Cette deuxième série d’épreuves permet de savoir si l’enfant comprend le dénombrement et la quantité, connaît la chaîne numérique et la règle de pointage afin de déterminer si, à défaut de performance, (dans la première série d’épreuves) l’enfant dyspraxique ou dysphasique possède quand même un niveau de compétence. Les résultats démontrent que les enfants de sept ans réussissent toutes les épreuves. De plus, la disposition (aléatoire vs linéaire) affecte peu la réussite des sujets à la tâche de pointage, bien que ce dernier soit plus lent dans la condition aléatoire. Au contraire, les dénombrements dans la position aléatoire s’effectuent plus rapidement, qu’il y ait interférents ou non. Camos et ses collaborateurs n’expliquent pas pourquoi le dénombrement est plus rapide en disposition aléatoire mais on peut certainement évoquer la possibilité qu’une dimension spatiale favorise cette activité et que la maîtrise des habiletés spatiales joue un rôle dans le dénombrement. D’ailleurs les enfants dyspraxiques, affectés par des difficultés d’exploration spatiale, présentent un tableau de performances plus inquiétant que les dysphasiques : dans toutes les épreuves de production, les enfants dyspraxiques font plus d’erreurs que leur groupe contrôle et la différence est beaucoup plus importante qu’entre les enfants dysphasiques et leur contrôle. L’étude de Camos démontre donc l’importance d’une intégrité des fonctions visuo-spatiales dans le dénombrement chez l’enfant.

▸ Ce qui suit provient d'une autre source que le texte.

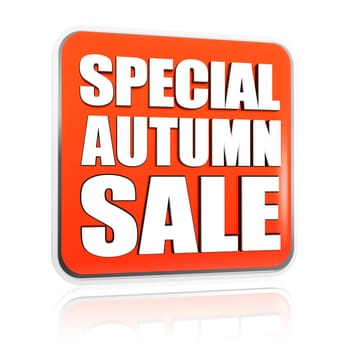 special autumn sale button - 3d orange banner with white text, business concept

Après le passage de la maternelle l’enfant poursuivra l’apprentissage des nombres par l’accès à des règles arbitraires de plus en plus complexes qui l’amèneront à comprendre la valeur des nombres et à pouvoir les produire. Il passera progressivement d’une appréhension intuitive qui fait appel à ses capacités visuo-spatiales à un système codifié qui fait intervenir ses capacités logico-mathématiques. Toutes les civilisations ont élaboré un système de numération comprenant un certain nombre d’éléments et des règles qui les régissent afin de réduire la multiplicité des éléments nécessaires à son élaboration. Les différents systèmes ont cependant des règles distinctes qui leur sont propres et sont forcément dépendantes de la langue d’usage [1]. Dans le système verbal français on trouve 25 éléments (ou primitives lexicales) comprenant quatre classes : les unités (un à neuf), les dizaines (dix à soixante), les particuliers (onze à seize) et les multiplicateurs (cent, mille, million, milliard) desquels tous les autres nombres découlent en suivant des règles grapho-phonologiques (syntaxe) qui définissent la numération. Le système arabe ne contient que 10 éléments (0 à 9) à partir desquels on peut constituer tous les autres nombres suivant une syntaxe qui, elle, repose sur une dimension spatiale, c’est à dire de position ; la valeur d’un élément dépend de sa position dans la séquence (voir l’approche en neuropsychologie cognitive ci-après). L’enfant apprend progressivement les règles syntaxiques de ces deux systèmes et les règles de transcodage lui permettant de passer d’un système à l’autre.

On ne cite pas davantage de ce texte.